Accessories. I'm much better with that word when it relates to people who've assisted in crimes.
My friend's daughter spends her entire schoolday in silence. It's called "Selective Mutism". She whispers to one teacher and one highly educated paraprofessional with intense sympathy that fate was lucky to have them meet. Otherwise, nothing. She does her work. But, she's beautifully invisible. A brightly coordinated Bartleby the Scrivener. She will not talk directly to most of her fellow students. She will whisper to the paraprofessional who will pass the words along. But she is adamant. Her mother tells me that she has plans to make friends with select students. She whispers to some of them. Slowly she hopes that as she whispers to them, she will become comfortable with them and they her. And eventually, they will become friends. That's the plan. All within a reasonable amount of time.

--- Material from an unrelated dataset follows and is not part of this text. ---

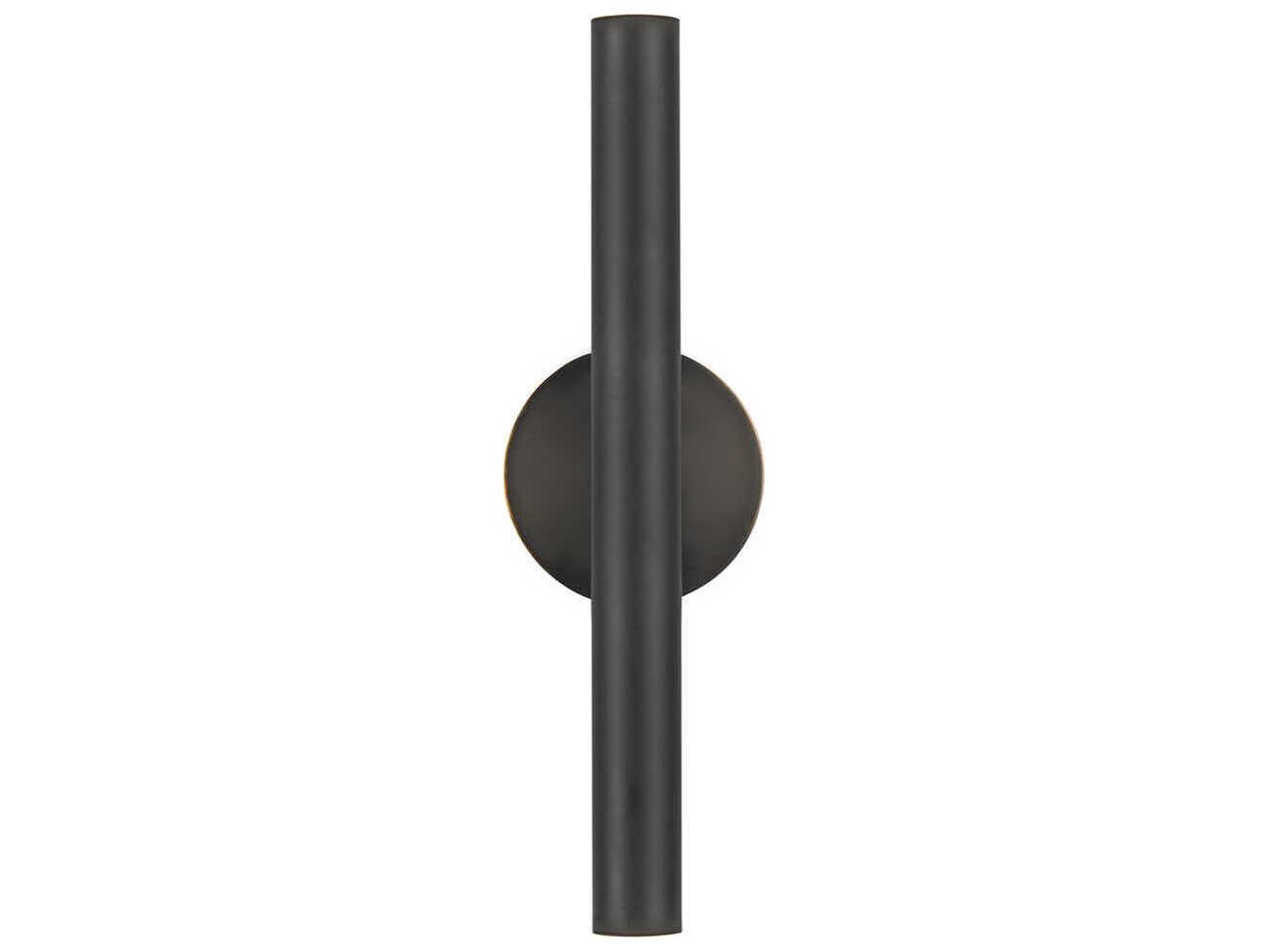 Kuzco Lighting Mason Urban Bronze Wall Sconce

I spent the second grade in total silence and I loved it. But I had talked in years before. (I don't remember if I talked to my friends at recess and at lunch. I just didn't participate in class. I wrote everything to the teacher in my homework and classwork. I remember the delighted look on her face when she got my work.) This was a choice to save my energies for my writing. I felt ashamed somehow by the previous years. As I get older, I find myself longing more and more for silence. There seems to be less judgement in it and more opportunities to reflect and actually say what I mean. One long-time friend actually told me that I don't really say anything when I speak, which is why she always talks over me, and another friend texts me almost exclusively because she says that I don't really listen otherwise and that I don't really focus. Maybe the writing for me is like packing that bag, I can work and work it through on my own until it is "reasonable," plucking through the words myself until they are just right. I take between 20 minutes to an hour to send off emails because I revise and revise them, from long explanations with jokes and stories I had hoped to tell the person, each time, asking myself if the person
really needs to know that piece of information, will he or she really find that amusing, relevant, important. What was once a page is usually four or five lines by the time I'm done. Some of my friends require that the email just be the subject line and one line more and that's tough, but I can do it. Who am I to demand more than this, if that their necessary limit? It's reasonable. It's just work and I'm not afraid of work and neither is my friend's 8 year old daughter.
What I'm afraid of is finding myself unprepared because there is no exit or back-up strategy if you fail -- she knows this, too. No one can translate what you didn't whisper to the one person you trusted and if you don't do your homework then you have no proof that you understood anything. You're dependent on very few people and that makes school a kind of burden. Fashion just involves you and your clothes which is quite a relief.
It's all the things you can't control that lead to mushy answers that I think are probably what make us both clam up. So many questions people ask not only have no one answer and no right answer, but absolutely no measurable or reasonable answer. A principal asked me how I prepare for my classes. The truth is, it depends on 1) if I know what I'll be teaching because sometimes I don't know. 2) What he means by prepare? I do some of it all the time. I buy books as I see them and I start preparing as I get my books. Sometimes I have no idea what I'm teaching until I walk into the building. Sometimes it becomes clear to me that everything I prepared should be thrown out. And I always re-do everything anyway. I am always re-doing. Re-touching. Adding. I collect materials all the time. I keep going and going. Nothing has stayed exactly the same. I have a mainstay of materials, but I keep adding. Mulch. It's not a simple answer. And I don't have one answer.
I can see why my friend's daughter focuses on what to wear. Clothing can be a comfort and a decision that is a matter of one's own taste. There need be no shame in it.